Task details — Return only the lines of the listing below that run from the line with "623 főre nőtt" through the line with "Crawling Sequence for extra fun Wealth", both ends included, exactly as written.

Record excerpts —
'''
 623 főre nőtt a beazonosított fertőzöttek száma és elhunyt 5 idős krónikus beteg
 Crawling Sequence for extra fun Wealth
'''
'''
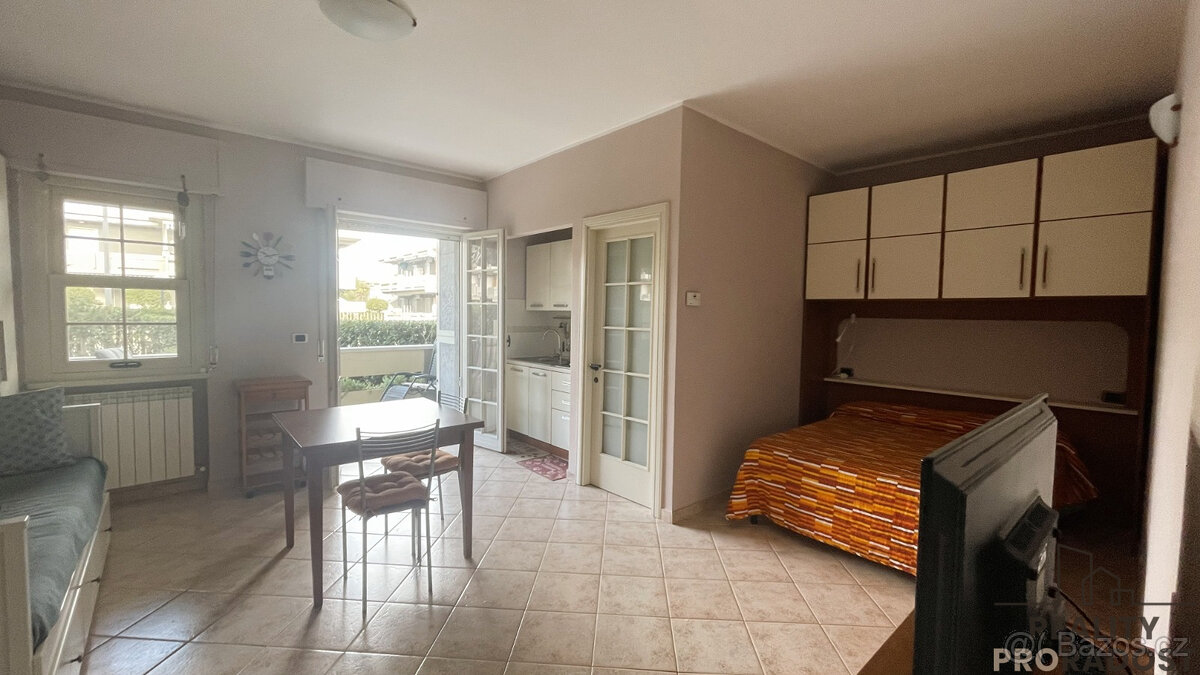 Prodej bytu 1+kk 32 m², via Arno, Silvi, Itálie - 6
'''
Solved exercise —
 623 főre nőtt a beazonosított fertőzöttek száma és elhunyt 5 idős krónikus beteg
 Crawling Sequence for extra fun Wealth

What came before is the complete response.